This Just In: The Marginalisation of Language Rights

The Coimisinéir Teanga’s Annual Report Highlights the Marginalisation of Language Rights

The Annual Report of An Coimisinéir Teanga, Rónán Ó Domhnall, highlights the lack of service to the Irish language community from the State – even in the midst of the worst health pandemic in the lives of the people, and also the need to implement the Official Languages Act without delay.

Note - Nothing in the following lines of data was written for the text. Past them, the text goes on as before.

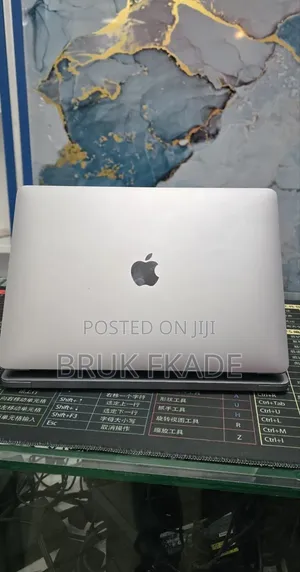 New Laptop Apple MacBook Air 2020 M1 8GB Apple M1 SSD 256GB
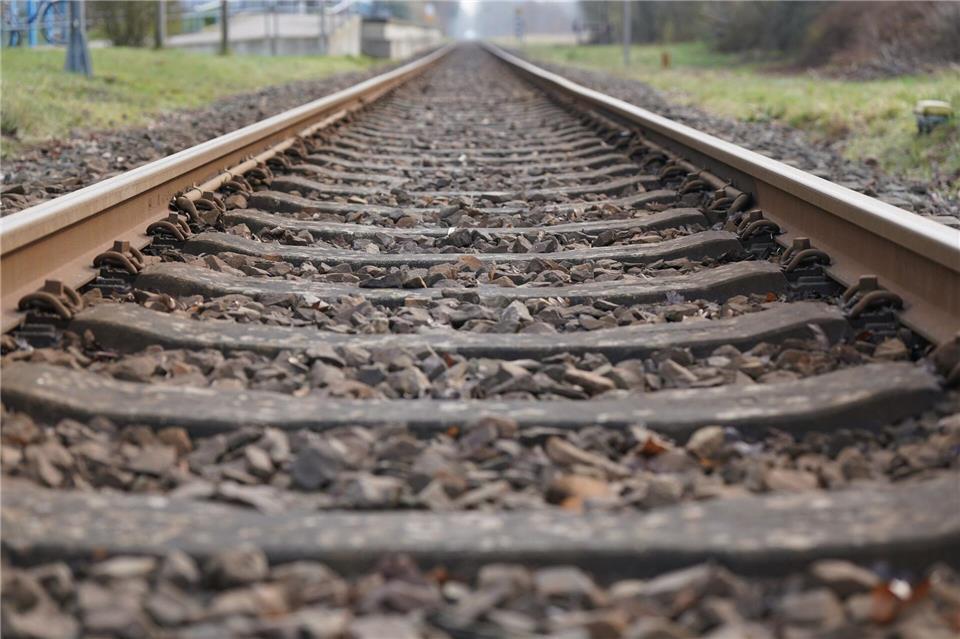 Brand auf Bahnhofsdach in Oberpfalz - Zugverkehr gestört Nach Ende der Sperrung kann es zu Verzögerungen kommen. (Symbolbild)Marcus Brandt/dpa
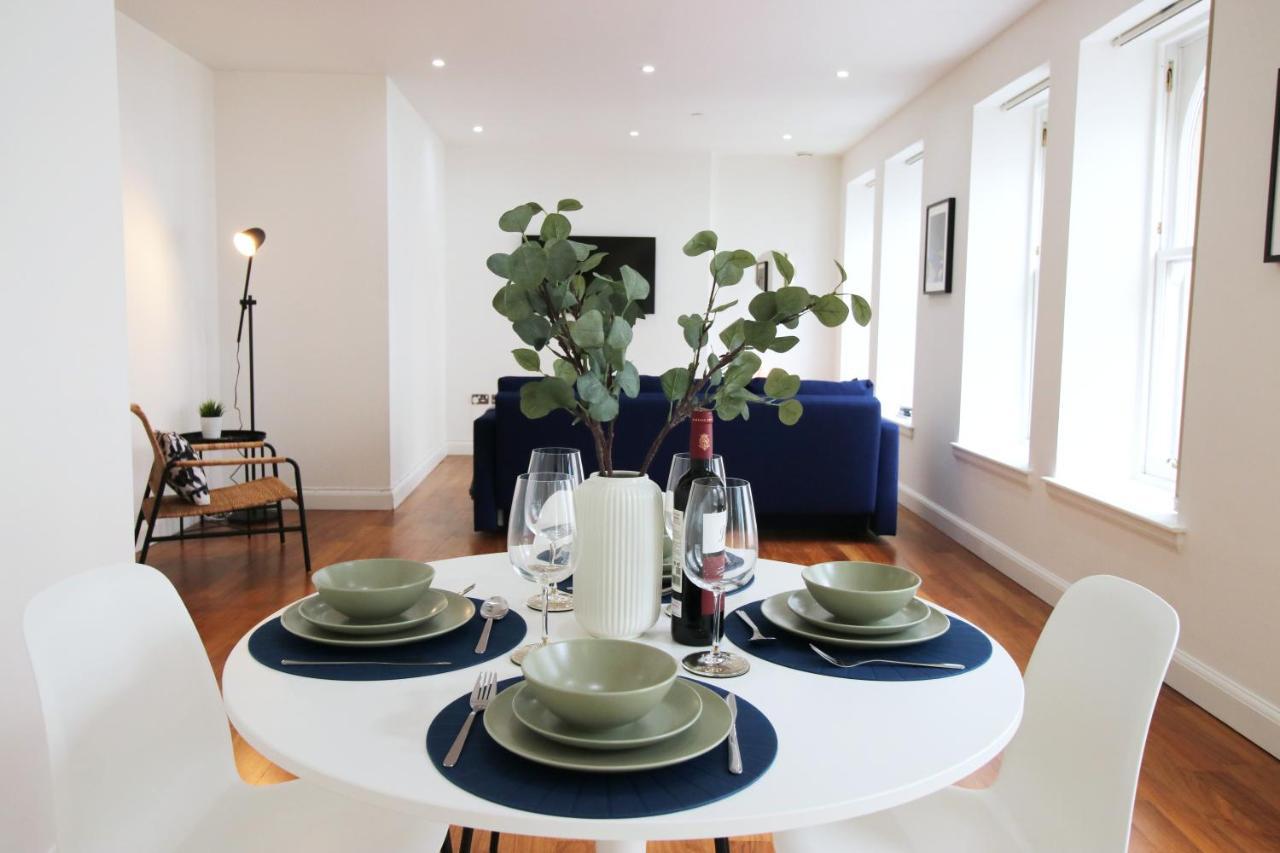 No 2 Under The Clock By Ssw - 2Br, Right In The City Centre, Sleeps 6 Кардифф Экстерьер фото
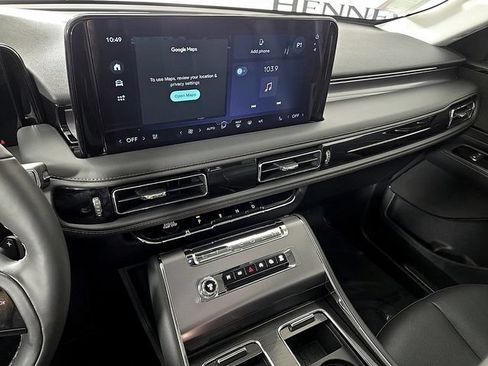 Used 2026 Lincoln Aviator AWD image 17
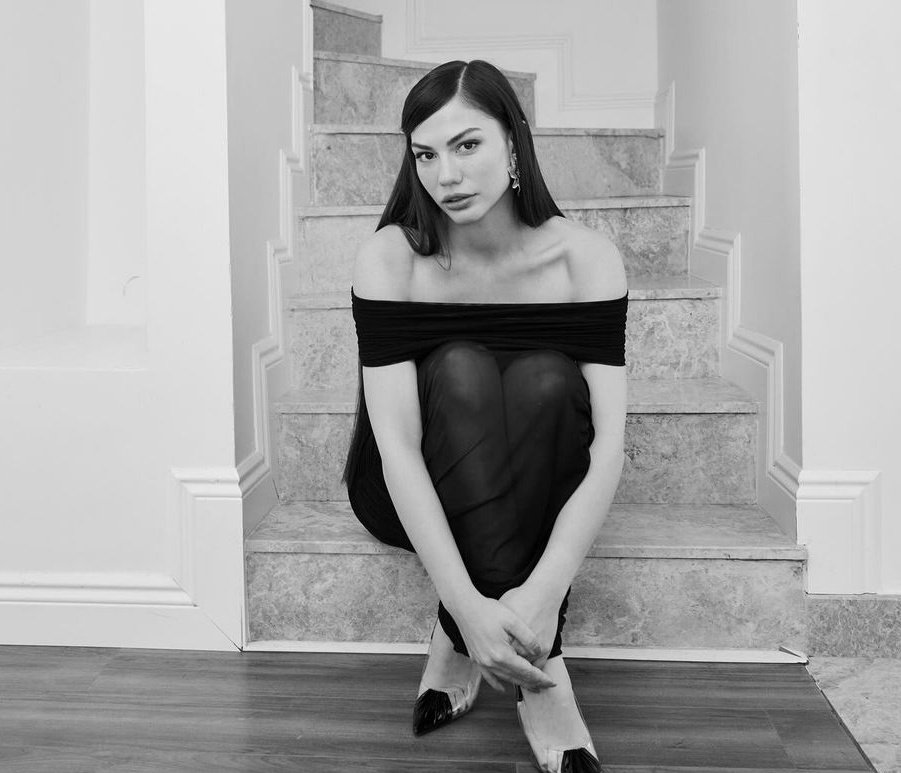 dizilands2's tweet photo. Meus queridos iriam servir muito 🔥🔥🔥
#DemetÖzdemir ♡  #ilhanşen https://t.co/SS9h9294Mo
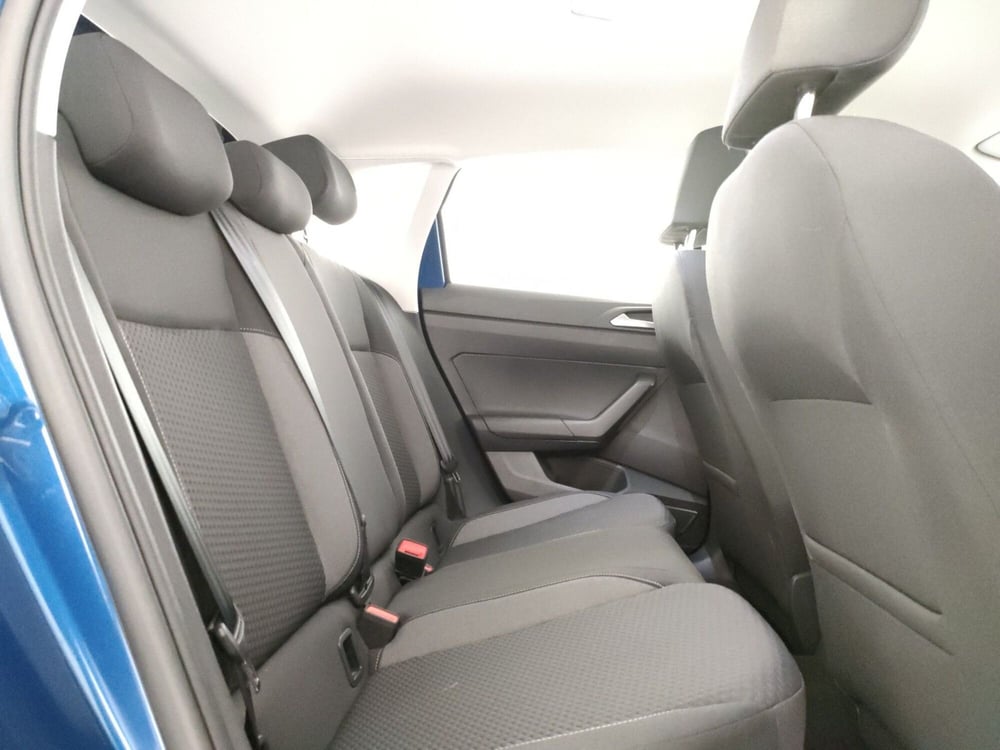 Volkswagen Taigo usata a Napoli (9)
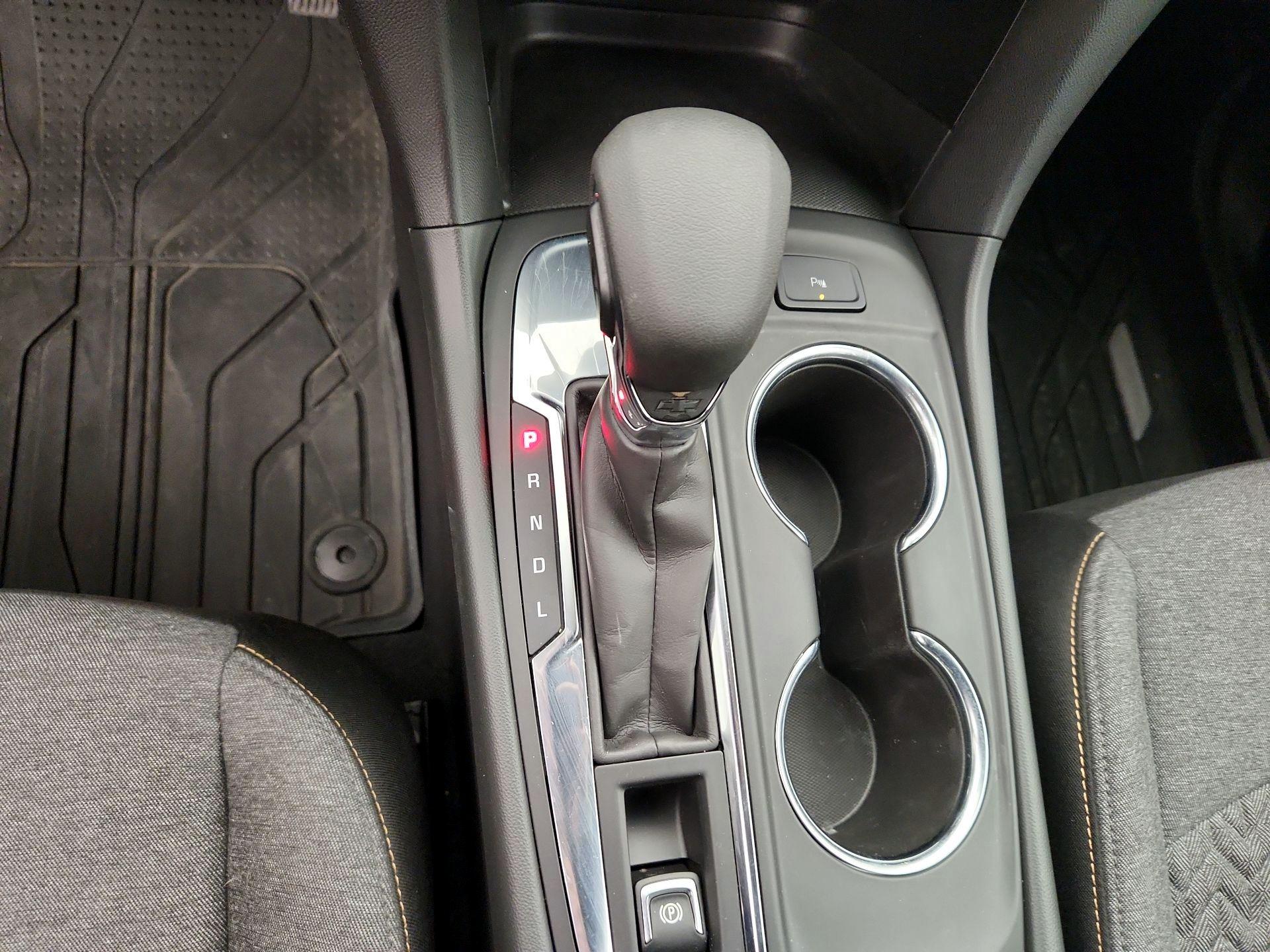 Thumbnail: 2022 Chevrolet Equinox - 17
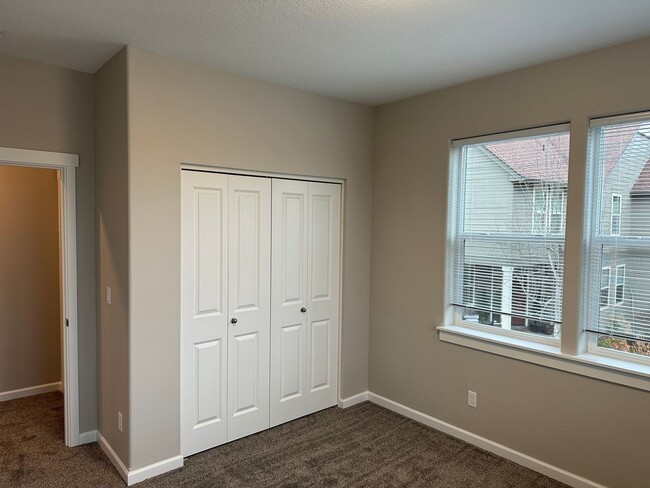 Building Photo - 418 /201 Duplex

Paula Melvin, President of Conradh na Gaeilge said:

Irish language President Paula Melvin
Paula Melvin

“It is a disgrace that the State did not provide basic information services in Irish to the Gaeltacht and Irish language community in relation to Covid 19, at a time when the country was in the midst of the State ‘s worst pandemic in the lives of the people. The number of complaints made to the Office of An Coimisinéir Teanga on this issue is an indication of the lack of expenditure by the State to provide basic health information in Irish. As An Coimisinéir Teanga states in his Annual Report, and I commend the Commissioner on the excellent work he and his office have done over the past year, the Gaeltacht and Irish language community, their language rights and indeed their health rights have been marginalised.

This was despite the regular questions raised by Conradh na Gaeilge and politicians with the Minister for Health and the Health Services Executive. It is worth noting that the lack of information in Irish related to all aspects of the State’s work to protect the public from the disease, from testing services made available to the public to the system for making online vaccine appointments. The marginalisation of Irish language rights during Covid 19 is another indication of the general marginalisation of language rights by the State.”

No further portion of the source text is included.